_Assigned task_
For the records below, output word for word the lines from the one with "Magnusson /гедоре /гидория" up to and including the one with "Pochette Τα ζεϊμπέκικα του Μίκη". No pictures.

==== Exercise inputs

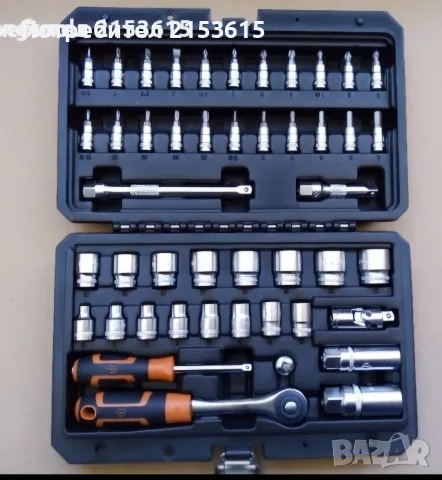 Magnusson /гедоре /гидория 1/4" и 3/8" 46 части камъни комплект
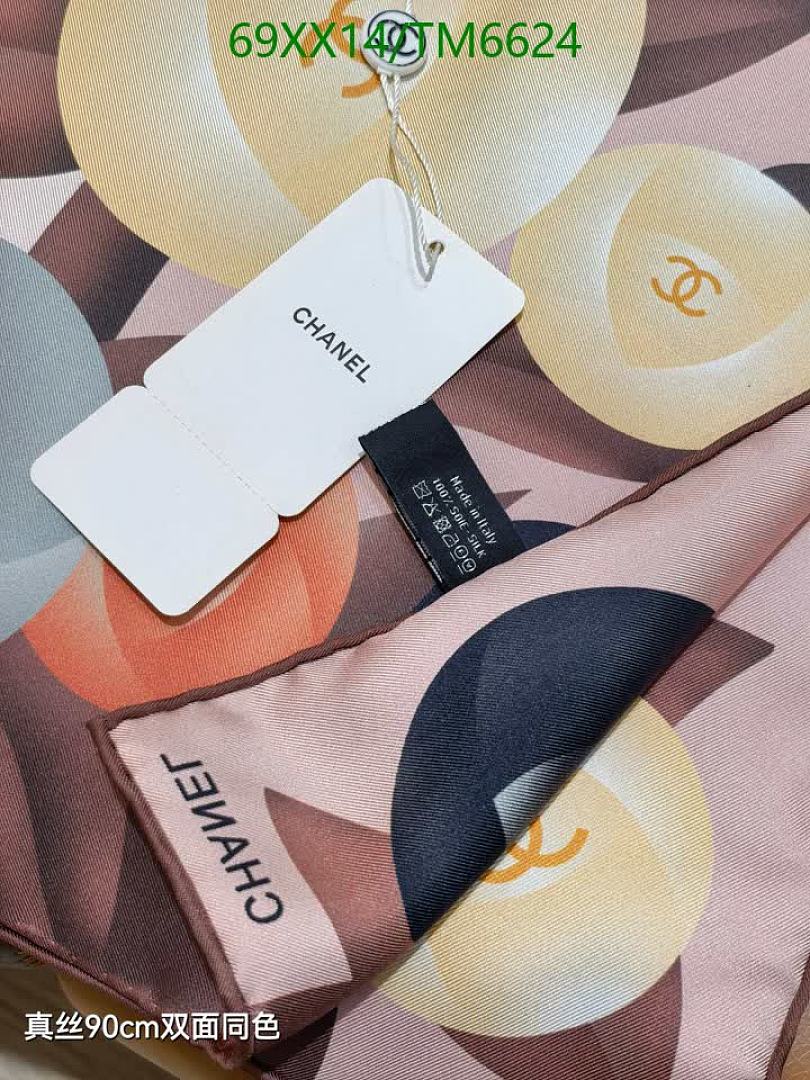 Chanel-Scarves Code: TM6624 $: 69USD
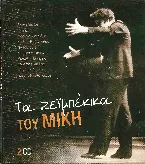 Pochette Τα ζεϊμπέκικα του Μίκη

========
==== Exercise inputs

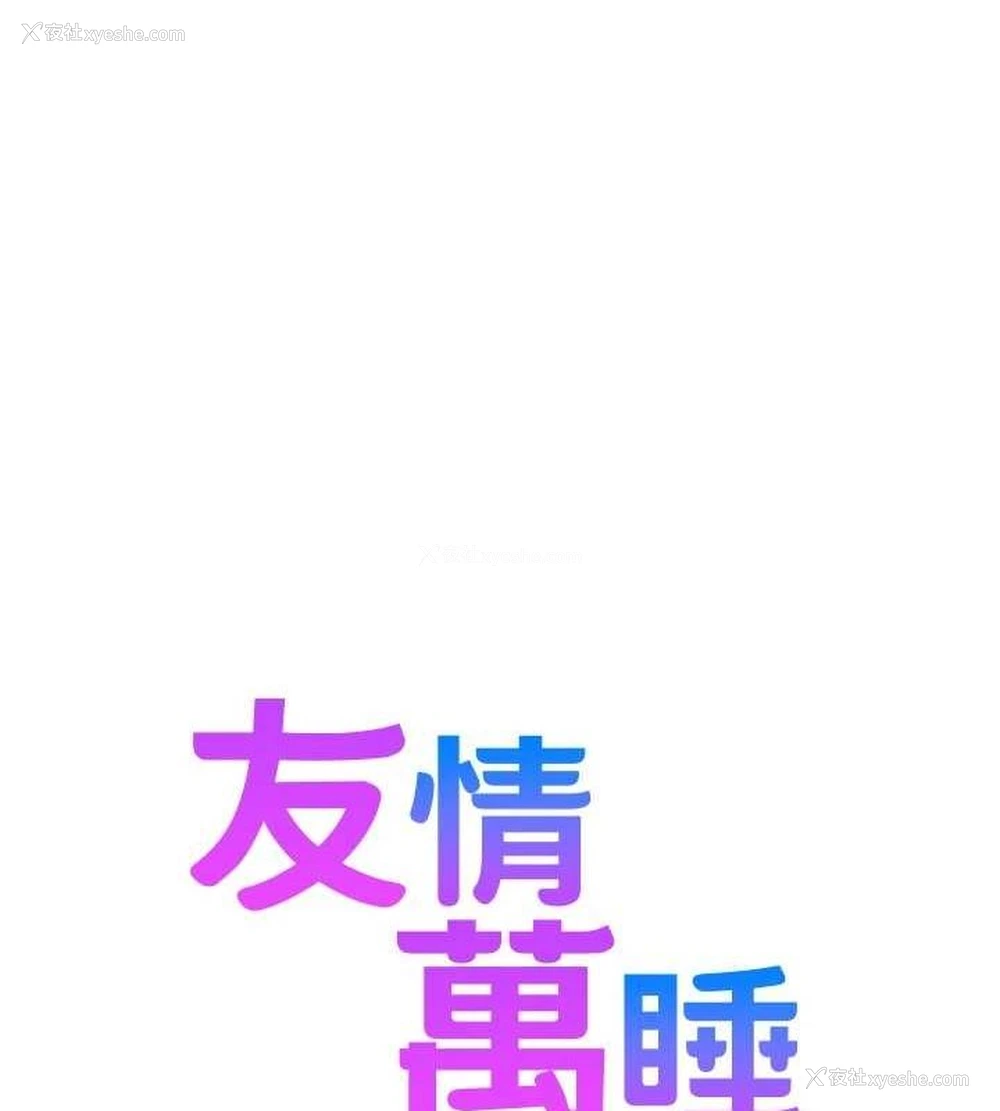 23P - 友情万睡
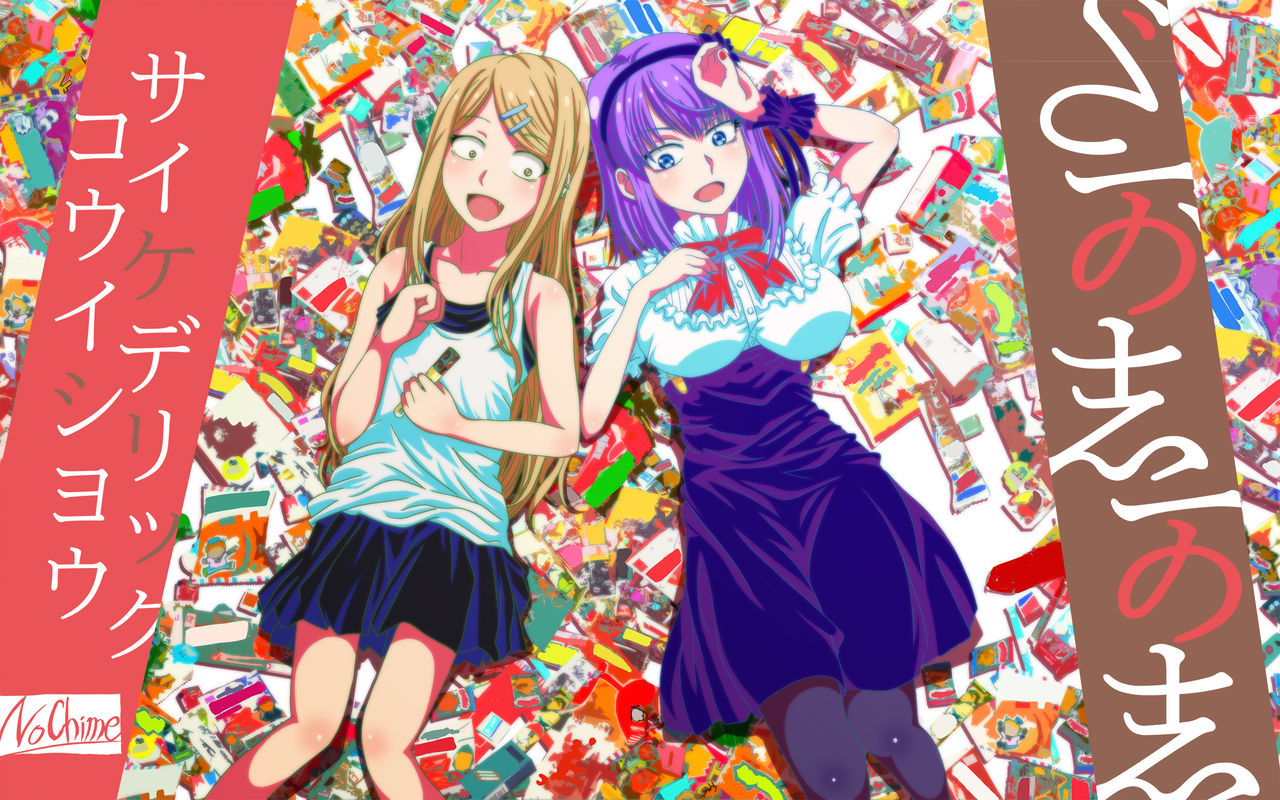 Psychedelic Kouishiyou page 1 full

========
==== Exercise inputs

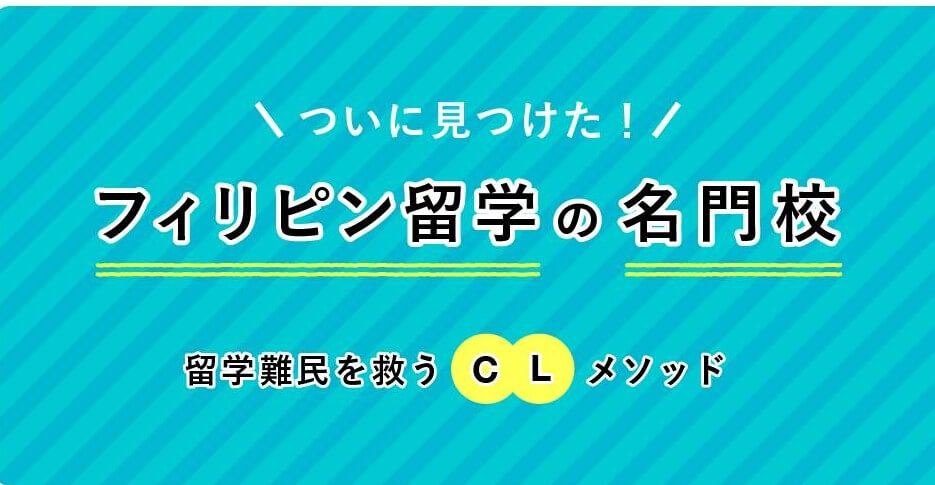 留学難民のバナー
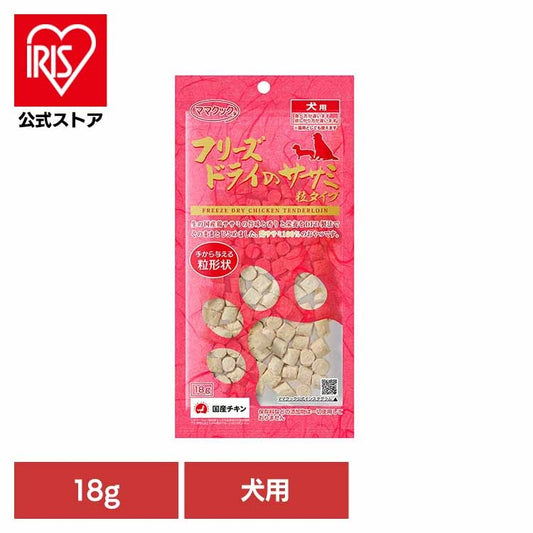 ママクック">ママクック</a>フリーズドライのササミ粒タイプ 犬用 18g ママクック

========

_Result for this exercise_
 Magnusson /гедоре /гидория 1/4" и 3/8" 46 части камъни комплект
 Chanel-Scarves Code: TM6624 $: 69USD
 Pochette Τα ζεϊμπέκικα του Μίκη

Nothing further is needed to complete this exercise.